3. Petitioner's reliance (Pet. 10-12) on Stromberg v. California, 283 U.S. 359 (1931), is likewise misplaced. Stromberg did not involve a constructive amendment of an indictment. The defendant in Stromberg was convicted of violating a state statute that made it unlawful to display a red flag in a public place for any one of three purposes. Id. at 361. After concluding that one of the grounds for conviction under the statute was unconstitutional, this Court held that because it was impossible to tell on which ground the jury relied, the conviction must be reversed. Id. at 368-370. As the Court explained in Griffin v. United States, 502 U.S. 46, 53 (1991), Stromberg stands for "the principle that, where a provision of the Constitution forbids conviction on a particular ground, the constitutional guarantee is violated by a general verdict that may have rested on that ground."

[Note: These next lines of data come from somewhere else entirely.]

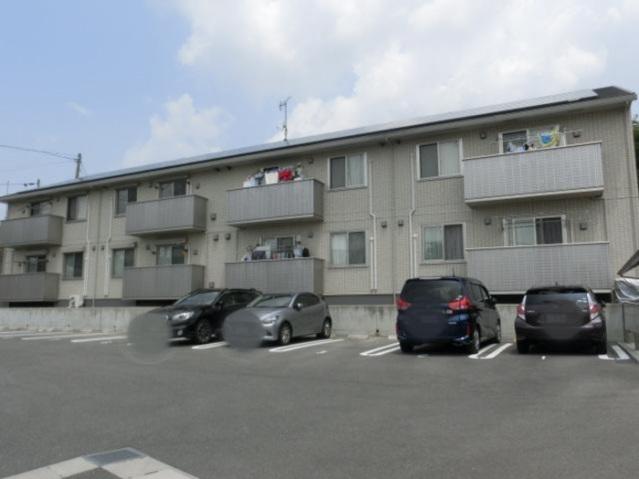 カーサアリエッタ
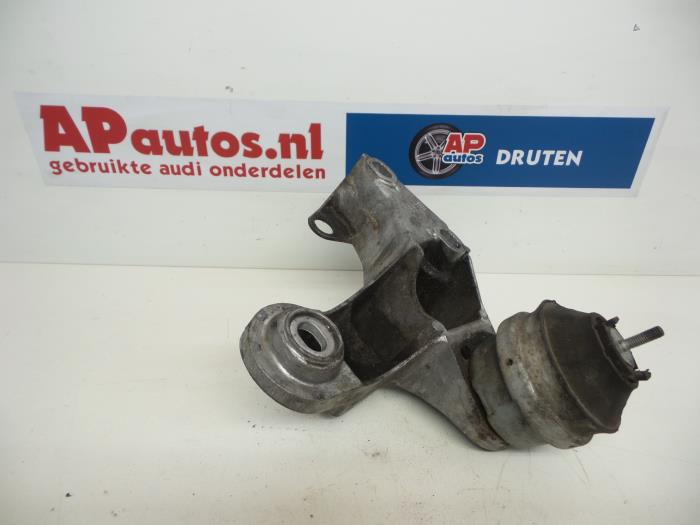 Gebrauchte Motorlager Audi A4 (B5) 1.6 Preis € 19,99 Margenregelung angeboten von AP Auto's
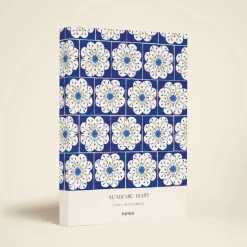 Floral Tiles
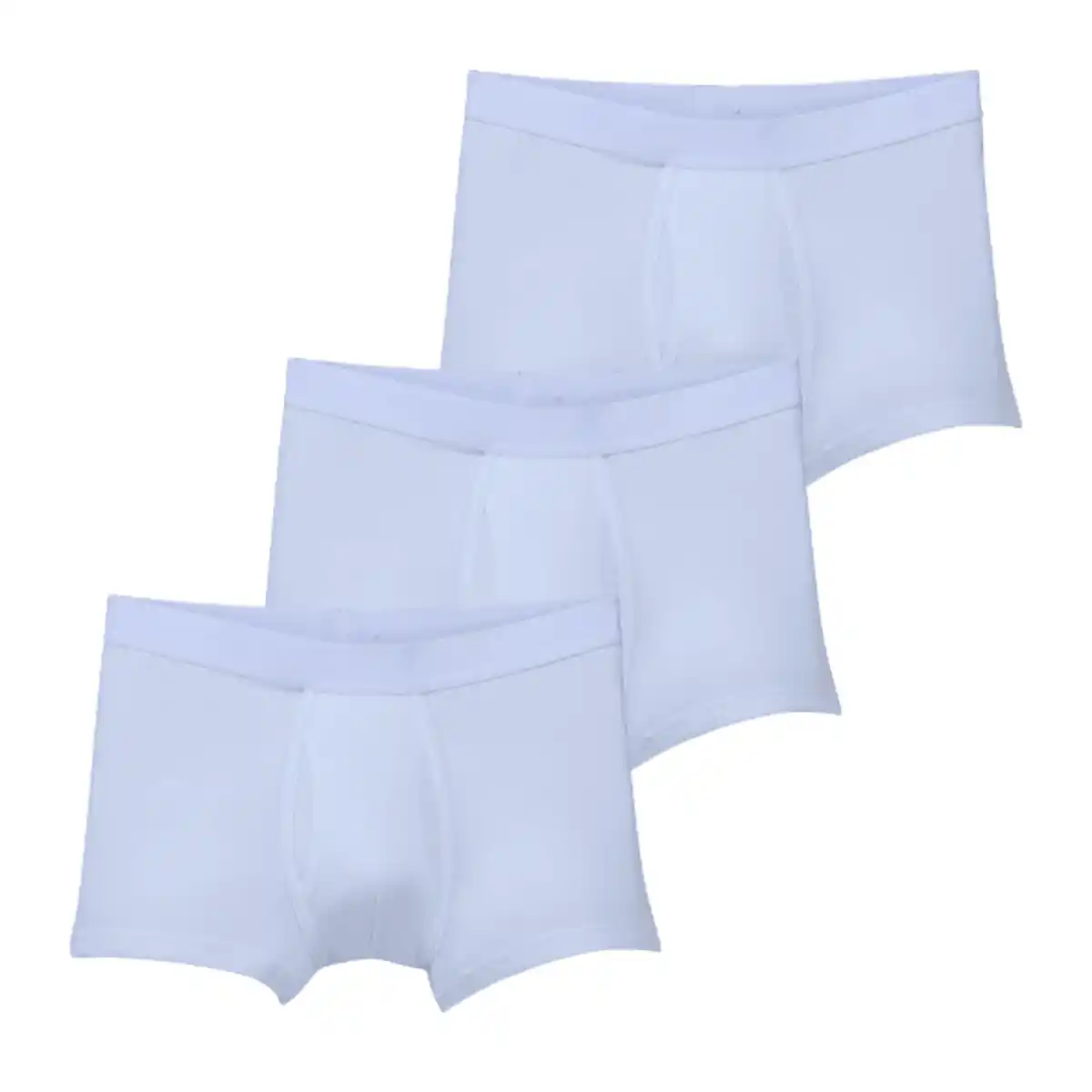 Bild 2 von UP2FASHION Feinripp-Retropants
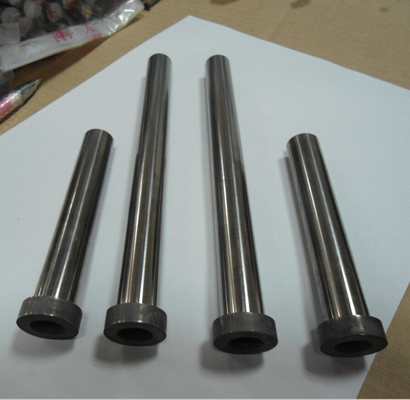 DIN16756 قالب گیری تزریقی آستین های اجکتور دیوار نازک 1.2067 ASTM SKH51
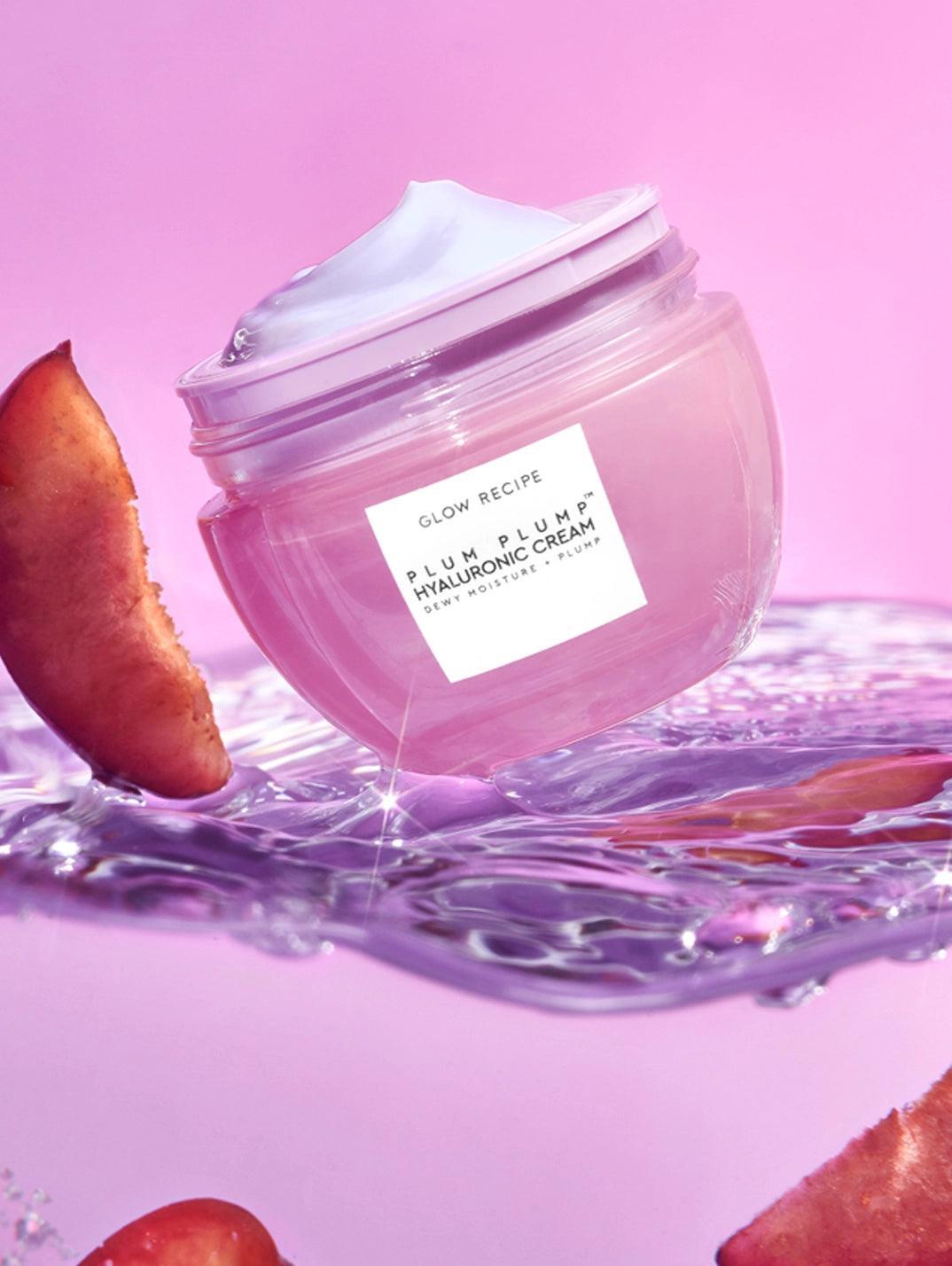 Glow Recipe Plum Plump Hyaluronic Acid Moisturizer 20ML - AugustSa Shop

The present case is distinguishable from Stromberg in at least three respects. First, unlike petitioner, the defendant in Stromberg preserved her constitutional challenge in the trial court. See 283 U.S. at 361. Second, the California statute at issue in Stromberg permitted conviction for conduct-the display of a red flag to express peaceful opposition to organized government-that the State lacked power to prohibit. Id. at 369-370. Here, by contrast, petitioner's involvement in depositing the stolen check into Veach's account was not constitutionally protected conduct, and it was prohibited by the money laundering statute. See Pet. App. A5-A6 (noting that the "act of causing the deposit of illicit funds could have properly been charged in the indictment and is prohibited by statute"). Finally, even if Stromberg were extended to apply to a possibility that a conviction rested on unindicted conduct, the instructions given in this case specifically precluded the jury from finding petitioner guilty based on acts not charged in the indictment.

CONCLUSION

The petition for a writ of certiorari should be denied.

Respectfully submitted.

THEODORE B. OLSON
Solicitor General
MICHAEL CHERTOFF
Assistant Attorney General
NINA GOODMAN
Attorney

JANUARY 2002

1 The prosecutor read the indictment to the jury at the beginning of the trial, and a copy of the indictment was given to each juror. 1/31/00 Tr. 71, 78-79.

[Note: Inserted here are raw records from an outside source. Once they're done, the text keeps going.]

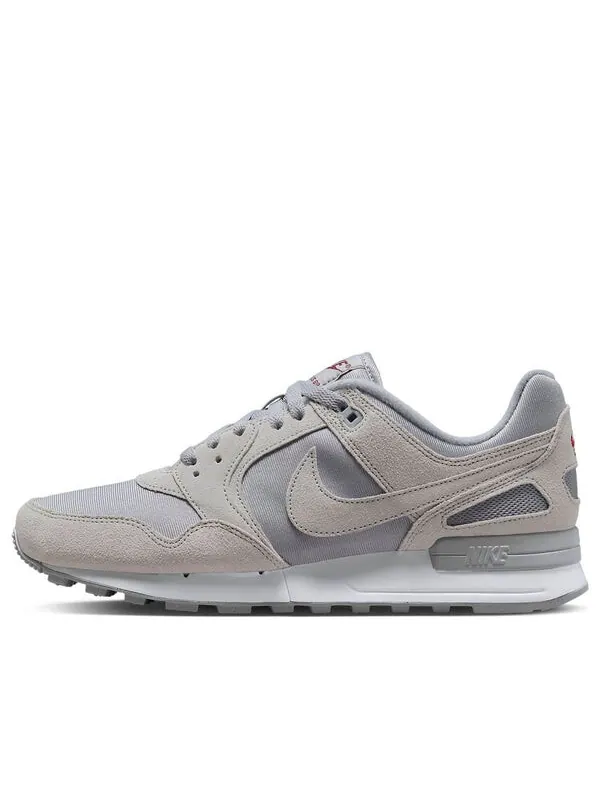 Кроссовки air pegasus 89 Nike — изображение 1 из 4, серый/серый-красный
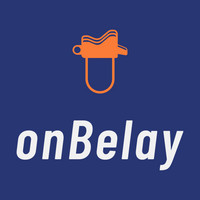 onBelay Logo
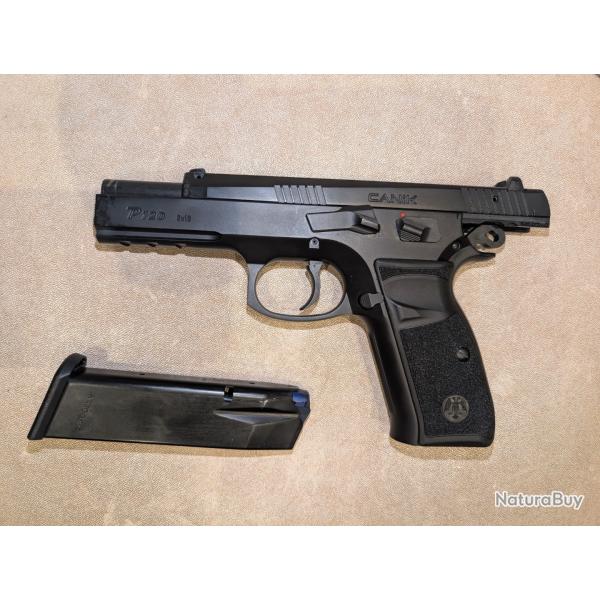 Canik p120
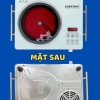 Bếp hồng ngoại Chefman 2.200W - Nấu mọi loại nồi, bảo hành 12 tháng, giảm còn 399.000₫ 6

2 This Court has granted certiorari in United States v. Cotton, No. 01-687 (Jan. 4, 2002), in which the question presented is whether the omission from a federal indictment of a fact that enhances the statutory maximum sentence requires a court of appeals, on plain error review, automatically to vacate the enhanced sentence. Some courts of appeals have expressed the view that the analysis in a case like Cotton has some elements in common with the analysis in a case involving a constructive amendment. See United States v. Thomas, 274 F.3d 655, 671-672 (2d Cir. 2001) (en banc); United States v. Cotton, 261 F.3d 397, 405 (4th Cir. 2001); United States v. Maynie, 257 F.3d 908, 920 (8th Cir. 2001), petition for cert. pending, No. 01-7565 (filed Jan. 4, 2002). The decision in Cotton may therefore shed light on constructive amendment claims raised for the first time on appeal, effectively resolving any conflict between the approach taken in Floresca and the approach taken by the Fifth Circuit here. The petition in this case need not be held for Cotton, however, because there was no constructive amendment on the facts of this case.